A year of struggle

In the beginning of May 2018 I had severe onset of muscle weakness in my arms and legs. I thought at the time it was a side effect from the DMARD I was on for RA. My neurologist believes I have a rare form of Muscular Dystrophy called "Metabolic Myopathy." If you get even more specific he thinks I have "Mitochondrial Myopathy." 

In short it means my energy cells, the mitochondria in my body, suddenly stopped processing energy the way that they should. It also means this can happen to any muscle in my body at any time. It just happens to be affecting my arms and legs right now. And yeah, it's also rare, progressive and there's no cure. I really need to start playing the Lottery.

So far I've had a countless medical appointments, a spinal tap, EMG, MRI, reflex tests, gene sequencing, scraped with a safety pin and in a few weeks we can add a muscle biopsy to this list. I've given enough blood to feed an ARMY of vampires, but it was all worth it just to hear my neurologist say "YES! You have something, and I think I know what might help."

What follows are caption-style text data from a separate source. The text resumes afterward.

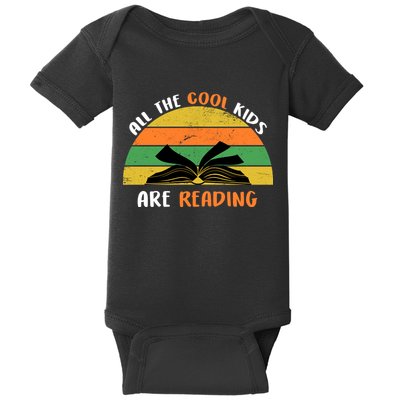 All The Cool Kids Are Reading Baby Bodysuit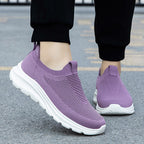 Damen Atmungsaktive Slip-On Sneakers mit flexiblem Strickdesign R&B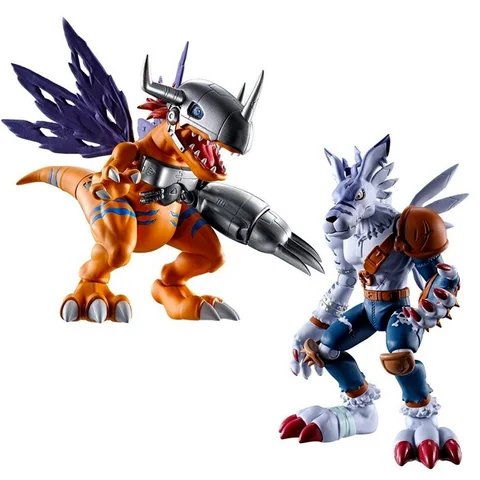 Фигурка героя аниме Bandai Digimon, фигурка героя из аниме «Пальмовая серия», металлическая фигурка серая была гарумоном, игрушки для детей, подарок, Коллекционная модель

I've been on a high dose of enzymes and amino acids for about 2 1/2 months now. It's literally the only treatment for my condition. I'm learning that the more rare the thing you have is, the less likely there's a current medical treatment for it because there's no profit in it. No profit to be made = no research = no treatment. Fortunately for me the treatment has just started helping. 

Gone are the 4 hour naps during the weekend. I'm actually able to help with dinner when I get home from work and get things done on my days off. My muscles are still much weaker than they were a year ago, but I have far more energy than I have had in years and years.

Today I was able to go out in the garden and work in the yard with my husband. I can't tell you how fantastic it felt to be out in the sunshine moving my body again. I used my trusty Nordic Poles and took lots of breaks. Don't get me wrong, I was very spent physically after and I had to take an Ibuprofen, but I did it!

My husband has been buying me a lot of electrolyte water to see if that helps as well. I noticed my muscle weakness was better for a little while after my brain surgery in September. But I also realized they only let me drink blue Gatorade in the hospital (not water.) I connected that it might have been all the Gatorade that helped my muscles. Heck, I'm willing to try just about anything that can help. But I'm so thrilled we landed on a treatment that I'm responding to and a name for what it is that took so much from me this year.